◆ Records shown
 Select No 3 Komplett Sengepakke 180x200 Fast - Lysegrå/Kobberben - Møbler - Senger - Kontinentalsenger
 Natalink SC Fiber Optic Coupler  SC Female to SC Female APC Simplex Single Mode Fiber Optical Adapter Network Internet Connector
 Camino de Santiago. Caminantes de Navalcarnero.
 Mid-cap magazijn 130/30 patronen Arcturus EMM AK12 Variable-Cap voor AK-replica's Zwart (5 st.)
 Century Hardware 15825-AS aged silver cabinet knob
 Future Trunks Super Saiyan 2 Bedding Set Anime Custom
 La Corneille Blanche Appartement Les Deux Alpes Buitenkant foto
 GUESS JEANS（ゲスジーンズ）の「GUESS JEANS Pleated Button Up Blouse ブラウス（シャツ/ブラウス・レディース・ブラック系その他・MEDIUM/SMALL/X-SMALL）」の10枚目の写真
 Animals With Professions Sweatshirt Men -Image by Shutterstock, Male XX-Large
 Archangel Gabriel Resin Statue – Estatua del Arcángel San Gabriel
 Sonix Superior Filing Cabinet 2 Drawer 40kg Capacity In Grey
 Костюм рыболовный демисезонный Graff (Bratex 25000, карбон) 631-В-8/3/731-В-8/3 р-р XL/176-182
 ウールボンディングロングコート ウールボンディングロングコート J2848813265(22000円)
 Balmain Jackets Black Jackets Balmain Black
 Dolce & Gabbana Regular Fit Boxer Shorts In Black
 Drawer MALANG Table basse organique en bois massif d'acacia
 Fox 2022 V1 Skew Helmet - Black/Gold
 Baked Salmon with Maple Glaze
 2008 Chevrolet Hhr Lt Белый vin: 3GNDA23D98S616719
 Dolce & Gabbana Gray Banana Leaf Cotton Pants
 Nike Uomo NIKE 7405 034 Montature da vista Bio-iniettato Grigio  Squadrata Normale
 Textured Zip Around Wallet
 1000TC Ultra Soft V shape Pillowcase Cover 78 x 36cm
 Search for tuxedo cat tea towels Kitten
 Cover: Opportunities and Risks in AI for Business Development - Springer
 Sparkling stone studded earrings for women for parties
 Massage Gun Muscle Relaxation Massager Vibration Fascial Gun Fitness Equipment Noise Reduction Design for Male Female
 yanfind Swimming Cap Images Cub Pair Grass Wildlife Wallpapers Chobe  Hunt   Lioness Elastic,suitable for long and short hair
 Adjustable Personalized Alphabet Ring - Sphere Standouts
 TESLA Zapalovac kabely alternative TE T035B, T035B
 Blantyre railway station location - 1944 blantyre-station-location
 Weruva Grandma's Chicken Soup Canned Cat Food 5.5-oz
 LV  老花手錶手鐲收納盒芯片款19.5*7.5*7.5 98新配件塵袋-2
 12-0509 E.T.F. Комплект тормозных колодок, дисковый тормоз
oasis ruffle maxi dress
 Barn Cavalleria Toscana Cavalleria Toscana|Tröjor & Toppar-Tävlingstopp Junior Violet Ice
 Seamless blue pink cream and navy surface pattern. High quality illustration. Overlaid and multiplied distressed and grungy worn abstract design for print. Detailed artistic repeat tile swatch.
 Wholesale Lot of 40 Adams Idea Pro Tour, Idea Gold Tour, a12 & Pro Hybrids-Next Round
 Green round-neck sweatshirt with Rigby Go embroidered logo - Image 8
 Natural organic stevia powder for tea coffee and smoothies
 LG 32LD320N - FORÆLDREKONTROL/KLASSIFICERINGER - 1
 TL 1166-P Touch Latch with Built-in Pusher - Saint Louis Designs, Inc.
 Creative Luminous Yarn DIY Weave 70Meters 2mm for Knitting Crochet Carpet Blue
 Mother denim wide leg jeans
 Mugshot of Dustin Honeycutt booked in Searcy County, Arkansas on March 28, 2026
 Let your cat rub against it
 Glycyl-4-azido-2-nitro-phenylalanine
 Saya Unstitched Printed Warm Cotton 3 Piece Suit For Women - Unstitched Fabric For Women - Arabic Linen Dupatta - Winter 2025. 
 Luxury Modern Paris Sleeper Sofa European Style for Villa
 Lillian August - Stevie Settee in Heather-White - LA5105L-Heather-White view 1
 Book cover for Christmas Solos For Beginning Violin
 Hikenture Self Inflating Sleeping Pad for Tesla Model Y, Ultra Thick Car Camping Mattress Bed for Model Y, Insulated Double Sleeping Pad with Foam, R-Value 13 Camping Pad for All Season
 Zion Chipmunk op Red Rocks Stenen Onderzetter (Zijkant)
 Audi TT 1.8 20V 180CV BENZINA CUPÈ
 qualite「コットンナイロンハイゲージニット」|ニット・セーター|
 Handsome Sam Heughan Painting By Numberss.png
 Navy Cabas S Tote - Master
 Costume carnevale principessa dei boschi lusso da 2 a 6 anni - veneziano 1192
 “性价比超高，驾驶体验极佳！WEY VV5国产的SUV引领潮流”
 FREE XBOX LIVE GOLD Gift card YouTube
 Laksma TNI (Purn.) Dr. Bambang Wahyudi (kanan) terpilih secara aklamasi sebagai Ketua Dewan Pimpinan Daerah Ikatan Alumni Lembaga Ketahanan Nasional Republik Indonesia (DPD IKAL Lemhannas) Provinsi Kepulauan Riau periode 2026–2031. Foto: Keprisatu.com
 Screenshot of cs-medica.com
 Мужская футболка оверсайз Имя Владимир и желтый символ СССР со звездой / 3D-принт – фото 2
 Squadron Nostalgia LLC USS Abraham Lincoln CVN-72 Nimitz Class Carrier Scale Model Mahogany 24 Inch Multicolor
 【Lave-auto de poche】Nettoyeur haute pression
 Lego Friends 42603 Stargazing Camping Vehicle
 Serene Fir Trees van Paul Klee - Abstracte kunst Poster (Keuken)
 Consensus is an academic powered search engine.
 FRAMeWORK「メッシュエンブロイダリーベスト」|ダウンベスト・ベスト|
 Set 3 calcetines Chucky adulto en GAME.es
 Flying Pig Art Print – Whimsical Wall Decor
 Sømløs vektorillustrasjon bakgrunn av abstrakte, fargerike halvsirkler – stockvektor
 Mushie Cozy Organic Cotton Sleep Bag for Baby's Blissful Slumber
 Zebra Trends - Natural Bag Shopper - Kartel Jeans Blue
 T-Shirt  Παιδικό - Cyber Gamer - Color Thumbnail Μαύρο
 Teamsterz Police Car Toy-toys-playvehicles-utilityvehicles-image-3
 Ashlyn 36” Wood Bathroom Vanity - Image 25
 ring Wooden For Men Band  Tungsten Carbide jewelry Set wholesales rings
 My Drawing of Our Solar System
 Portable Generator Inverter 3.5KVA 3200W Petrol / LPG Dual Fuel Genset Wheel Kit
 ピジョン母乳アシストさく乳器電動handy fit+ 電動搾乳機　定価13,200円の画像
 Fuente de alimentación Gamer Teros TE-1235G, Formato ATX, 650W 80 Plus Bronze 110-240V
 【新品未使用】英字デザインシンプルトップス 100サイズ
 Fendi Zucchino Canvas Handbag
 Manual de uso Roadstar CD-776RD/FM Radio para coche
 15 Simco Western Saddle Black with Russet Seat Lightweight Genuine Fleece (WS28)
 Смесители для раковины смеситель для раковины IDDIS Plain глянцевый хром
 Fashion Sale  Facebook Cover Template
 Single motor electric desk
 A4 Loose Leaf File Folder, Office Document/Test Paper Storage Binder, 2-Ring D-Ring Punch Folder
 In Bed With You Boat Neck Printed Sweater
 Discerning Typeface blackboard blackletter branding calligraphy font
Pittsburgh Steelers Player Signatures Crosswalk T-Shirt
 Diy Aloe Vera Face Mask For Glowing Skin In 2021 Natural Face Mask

◆ Task prompt
Return each line of the records above in which the word "Dolce" occurs.

◆ Written solution
 Dolce & Gabbana Regular Fit Boxer Shorts In Black
 Dolce & Gabbana Gray Banana Leaf Cotton Pants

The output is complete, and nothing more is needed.